The perennial cries of Bridgetown taxis over losing an “unfair” share of the market to tour bus operators are to receive Government’s “priority” attention this winter season, Minister of Tourism Kerrie Symmonds has announced.

The taxi drivers are to be given a greater piece of visitor business as a matter of priority, Symmonds told the House of Assembly during the start of debate on the 2019-2020 Estimates of Revenue and Expenditure this morning.

He revealed that the 255 taxi operators at the Bridgetown Port were getting only five per cent of the business of transporting visitors around Barbados, insisting that the situation was an injustice to democracy.

He sought to make it clear he was not interested in taking away business from any one segment of the transportat market, but rather in enlarging the pie.

“I am interested in having a greater access to opportunity for the persons who are driving taxis for a living,” Symmonds said, adding that he has already met with the taxi operators at the two ports of entry on the way forward.

“Philosophically, that does not sit well with me and I think we do the country and the image of that thing we call democracy, and economic democracy is at the forefront of my thoughts on this matter, we do it a tremendous injustice if we allow that to continue,” the minister warned.

Symmonds said: “There is now a project proposal to be rolled out during this winter season 2019-20 and that will be to see the Bridgetown Port Cooperative Taxis branded. First step. It will allow for them to offer intimate and smaller personalized tours.”

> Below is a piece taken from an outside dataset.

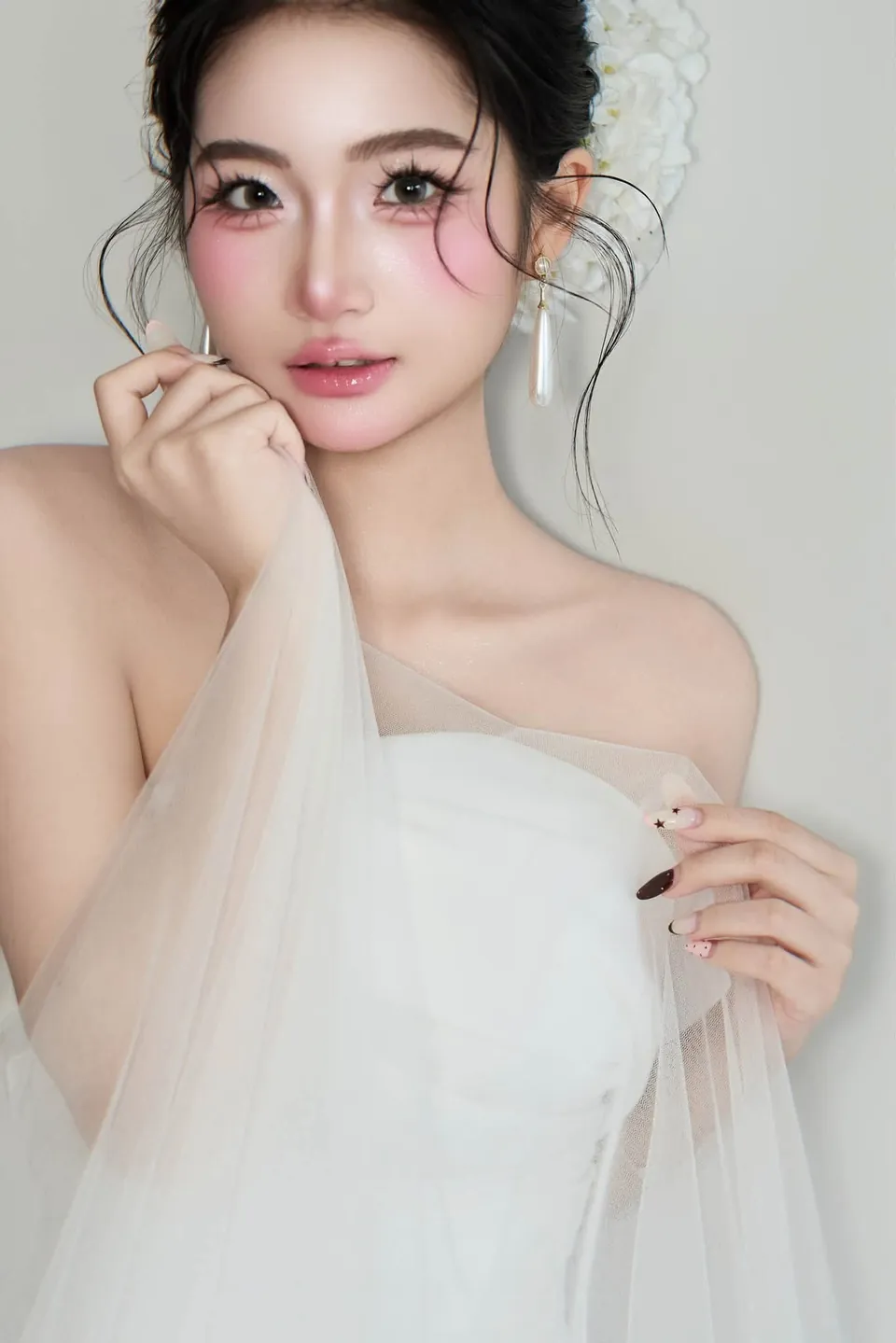 Cô dâu nghiêng đầu cầm khăn voan, lớp trang điểm trong trẻo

The minister disclosed that four activities are to be examined: eco-adventures such as the Graeme Hall Nature Sanctuary, a tour of Historic Bridgetown, beach activities and heritage tourism.

“All of these are areas which we are in a position to flesh out greater product development and have greater activity,” Symmonds told legislators. “But we have to have a transportation sector that is branded so that it can function as a cooperative distinctly; that is be-spoke in nature so that you can have customed-designed tours and for the first time ever, we have to connect these people to cruise ships.”

Symmonds said Government was helping the taxi operators to be able to attend trade shows and acquire insurance cover, noting that the insurance requirements for the cruise industry are phenomenal.

“The board of the Bridgetown Port has now agreed [that] they will assist the taxi coop when once up and functioning with its first year of financial commitment for insurances that you don’t have to have individual taxi men looking for find ($120,000-$140,000) in order to get the insurance necessary,” he revealed.

The Minister of Tourism said the service which the taxis offer must also be promoted and sold.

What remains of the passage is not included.